About this exercise:
The lines to extract begin at the line that contains "Runner Photo 7928489" and run through the last line of the listing; reproduce them exactly, minus any pictures.

Input for this task:
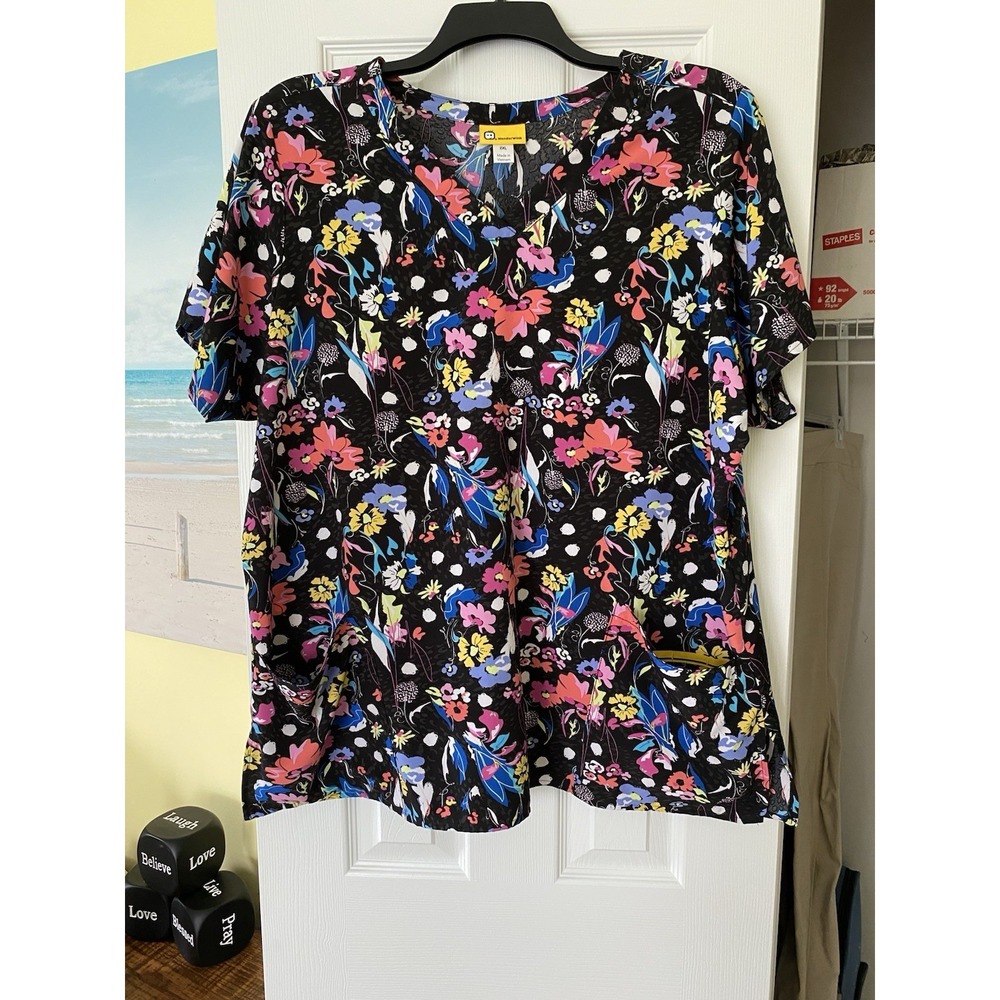 WonderWink Women's Scrub Top Size 2XL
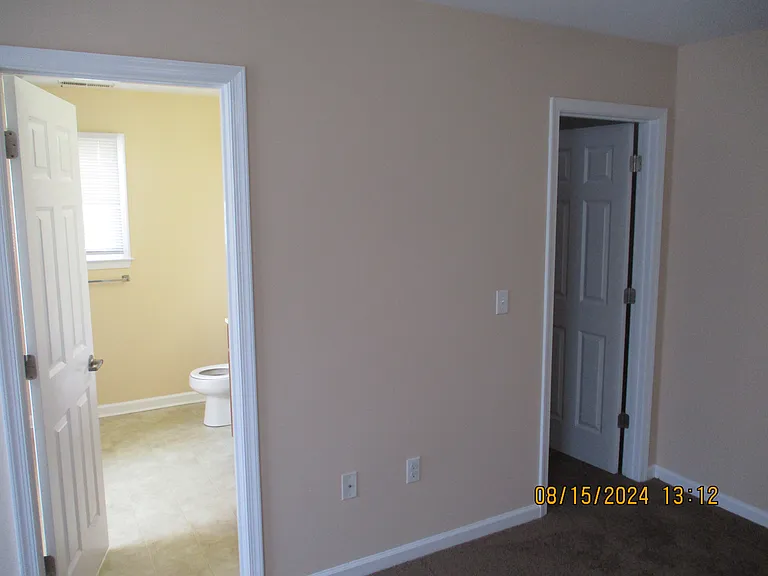 502 Leesburg Dr — Photo 18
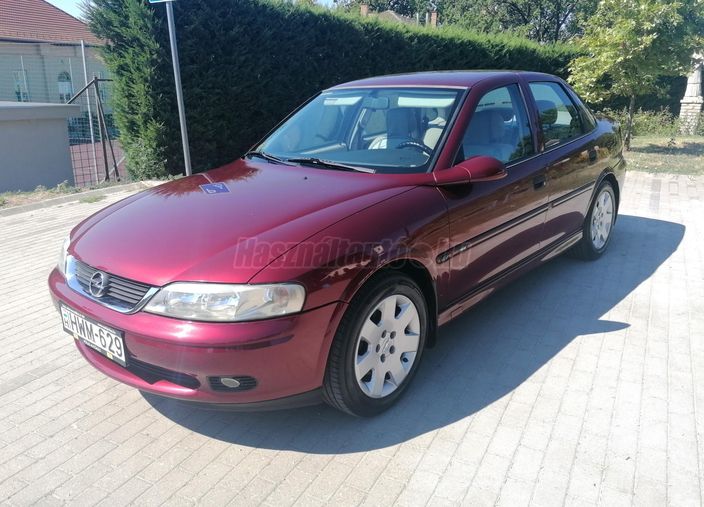 OPEL VECTRA B 1.8 16V Comfort (Automata)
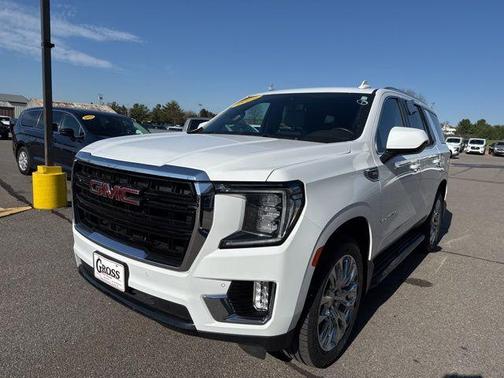 Summit White 2022 GMC Yukon SLE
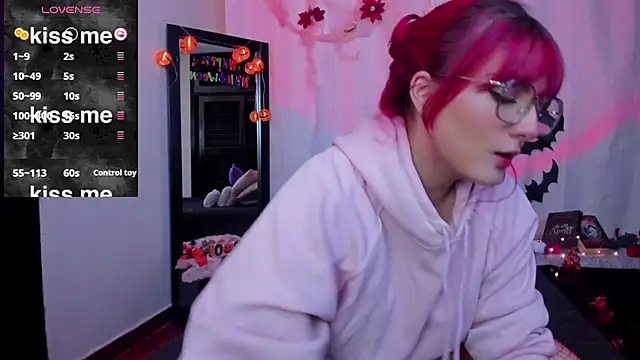 Dafne Moon online show from 10/18/25, 05:54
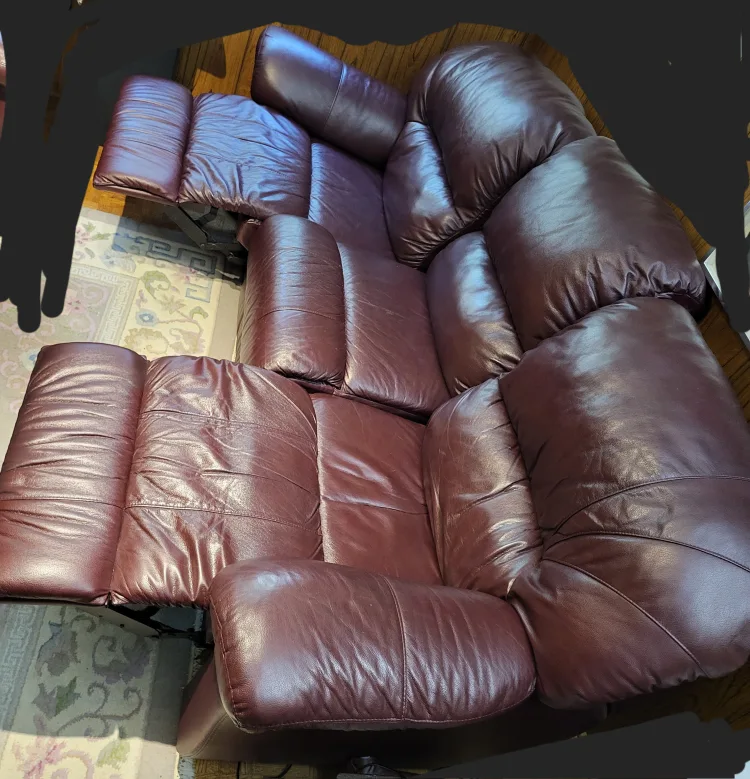 Leather Sofa image indicator(3)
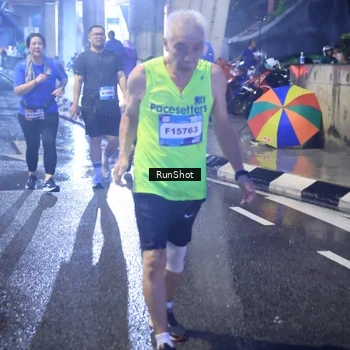 Runner Photo 7928489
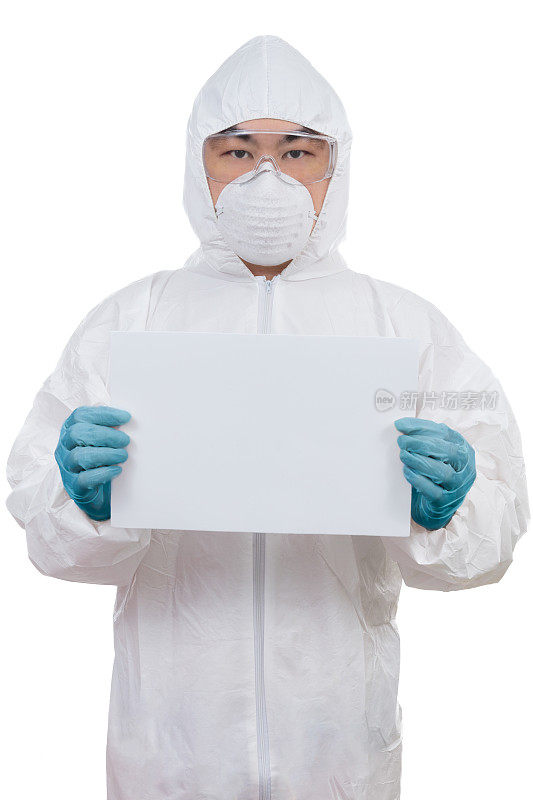 穿着防护服的亚洲华人科学家手持白纸板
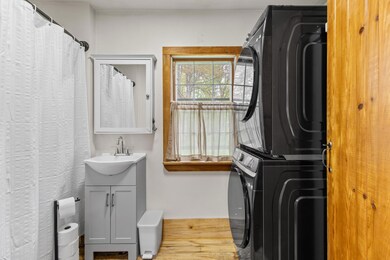 Full bath/laundry room
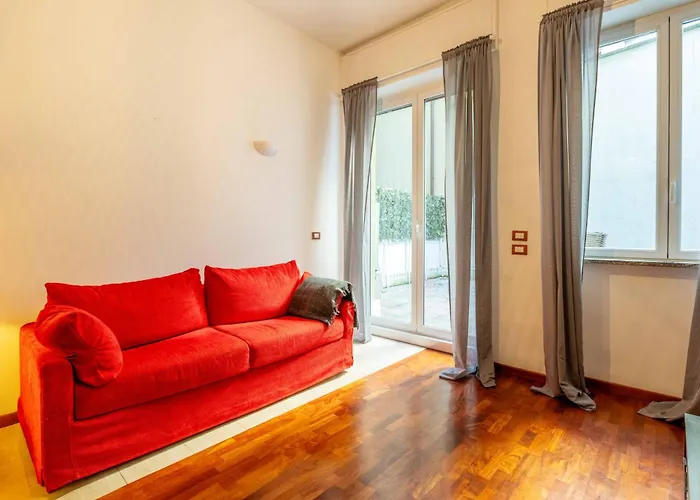 アパート One Bedroom With Terrace Near Duomo ミラノ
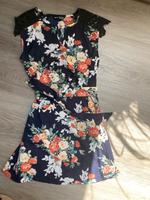 Kleid Blumen blau Sommer Brandenburg - Finsterwalde Vorschau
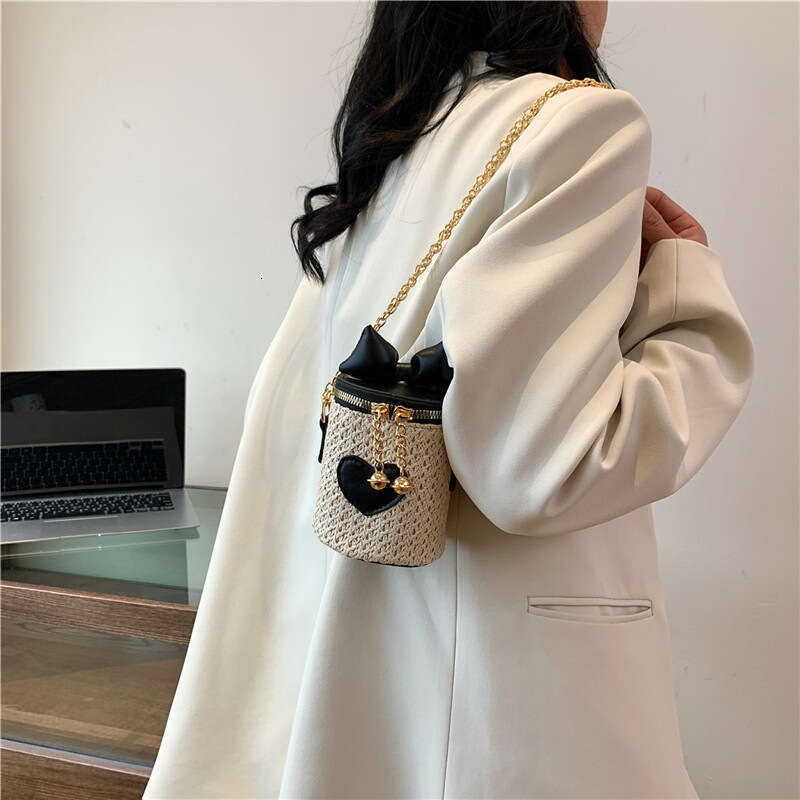 2025 New Bohemian Mini Splicing Straw Water Bucket Women's Crossbody Woven Chain Bow Bag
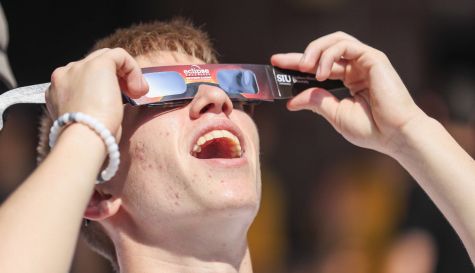 Un joven se coloca unas gafas de sol para disfrutar del eclipse de sol total en 2017 en Carbondale, Illinois. / EFE-Tannen Maury-Archivo
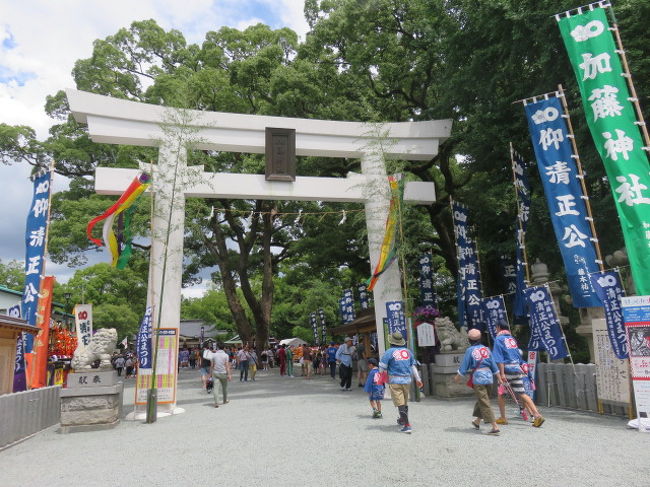 熊本城の城内に鎮座する、主祭神 加藤清正公の加藤神社は、熊本城の近望の名所とされています。<br />22日は「清正公まつり」神幸行列の日でした。<br />境内は3時から始まる神幸行列の準備万端。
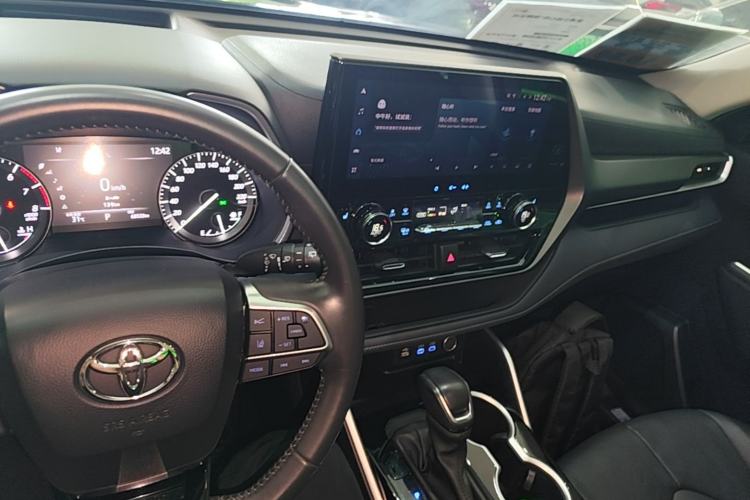 Used Toyota Highlander 2022 380T Four-Wheel Drive Prestige Edition 7-Seater Center Console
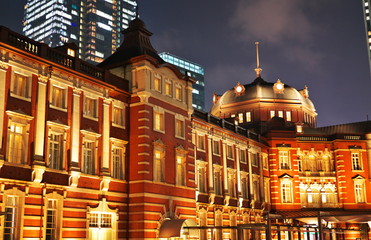 Fototapeta na wymiar 東京のシンボル駅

Response:
 Runner Photo 7928489
 穿着防护服的亚洲华人科学家手持白纸板
 Full bath/laundry room
 アパート One Bedroom With Terrace Near Duomo ミラノ
 Kleid Blumen blau Sommer Brandenburg - Finsterwalde Vorschau
 2025 New Bohemian Mini Splicing Straw Water Bucket Women's Crossbody Woven Chain Bow Bag
 Un joven se coloca unas gafas de sol para disfrutar del eclipse de sol total en 2017 en Carbondale, Illinois. / EFE-Tannen Maury-Archivo
 熊本城の城内に鎮座する、主祭神 加藤清正公の加藤神社は、熊本城の近望の名所とされています。<br />22日は「清正公まつり」神幸行列の日でした。<br />境内は3時から始まる神幸行列の準備万端。
 Used Toyota Highlander 2022 380T Four-Wheel Drive Prestige Edition 7-Seater Center Console
 Fototapeta na wymiar 東京のシンボル駅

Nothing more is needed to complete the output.